Version: v1.3

Linux Operation Guide

Linux server information acquisition

Get operating system version

Input: cat /etc/redhat-release
Output: CentOS Linux release 7.9.2009 

From the above results, we know that the operating system version is CentOS 7 nine

Get local intranet IP

Input: ip r get 1 | awk 'NR==1 {print $NF}'
Output: 172.17.228.252

According to the above results, 172.17.228.252 is the intranet IP address

Get operating system kernel

Input: uname -r
Output: 3.10.0-1160.el7.x86_64

From the above results, we can know that the system kernel version is 3.10.0-1160 and the CPU architecture is x86

Get the number of CPU cores

Input: grep processor /proc/cpuinfo|wc -l
Output: 16

From the above results, we know that the number of CPU cores is 16

Get CPU instruction set

Input: lscpu|grep -E 'avx2|avx|fma'
Output: 
Flags:  fpu vme de pse tsc msr pae mce cx8 apic sep mtrr pge mca cmov pat pse36 clflush mmx fxsr sse sse2 ss ht syscall nx pdpe1gb rdtscp lm constant_tsc rep_good nopl xtopology nonstop_tsc eagerfpu pni pclmulqdq monitor ssse3 fma cx16 pcid sse4_1 sse4_2 x2apic movbe popcnt aes xsave avx f16c rdrand hypervisor lahf_lm abm 3dnowprefetch invpcid_single fsgsbase tsc_adjust bmi1 hle **avx2** smep bmi2 erms invpcid rtm mpx avx512f avx512dq rdseed adx smap clflushopt clwb avx512cd avx512bw avx512vl xsaveopt xsavec xgetbv1 arat avx512_vnni

Get memory size

Input: free -h|awk '{if (NR==2) print $2}'
Output: 30G

From the above results, we know that the memory size is 30g

Check disk boot mount

Input: cat /etc/fstab

Output:

UUID=9f2d3e15-a78a-4f3d-8385-0165b4b67864 /  ext4 defaults 1 1
/dev/sdb1 /home  ext4 defaults 1 1

As you can see from the above, the Device /dev/sdb1 is mounted to the /home directory in the format of ext4, and it is set to load automatically after startup

Check whether the firewall starts automatically

Input: systemctl is-enabled firewalld
Output: disabled

From the above results, we know that the firewall startup is disabled

Check whether the user has sudo permission

Input: sudo -l -U laiye
Output:
    (ALL) ALL

From the above results, we know that user laiye has sudo permission

Check the graphics card driver

Input: nvidia-smi
Output: -bash: nvidia-smi: Not found

From the above results, we know that NVIDIA SMI command is not found.
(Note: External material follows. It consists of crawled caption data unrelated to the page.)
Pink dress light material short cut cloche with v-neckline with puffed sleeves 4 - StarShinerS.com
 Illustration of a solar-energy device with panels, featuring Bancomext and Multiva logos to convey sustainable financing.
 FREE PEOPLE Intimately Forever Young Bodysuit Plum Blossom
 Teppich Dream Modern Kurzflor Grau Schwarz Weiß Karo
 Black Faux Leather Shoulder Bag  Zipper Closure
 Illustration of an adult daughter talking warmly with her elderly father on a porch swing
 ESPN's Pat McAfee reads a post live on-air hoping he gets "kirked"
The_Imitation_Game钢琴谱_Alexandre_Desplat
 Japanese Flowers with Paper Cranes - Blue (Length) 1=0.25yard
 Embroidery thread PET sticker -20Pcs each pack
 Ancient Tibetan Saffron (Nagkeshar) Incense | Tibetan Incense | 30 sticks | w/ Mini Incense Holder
Indicates that the graphics card driver is not installed or the driver is abnormal

Linux Installation and maintenance

Installing the graphics card driver

Get graphics card model

Input: lspci|grep -i nvidia
Output:
    0000:3f:00.0 3D controller: NVIDIA Corporation Device 1eb8 (rev a1)
    0000:40:00.0 3D controller: NVIDIA Corporation Device 1eb8 (rev a1)
    0000:43:00.0 3D controller: NVIDIA Corporation Device 1eb8 (rev a1)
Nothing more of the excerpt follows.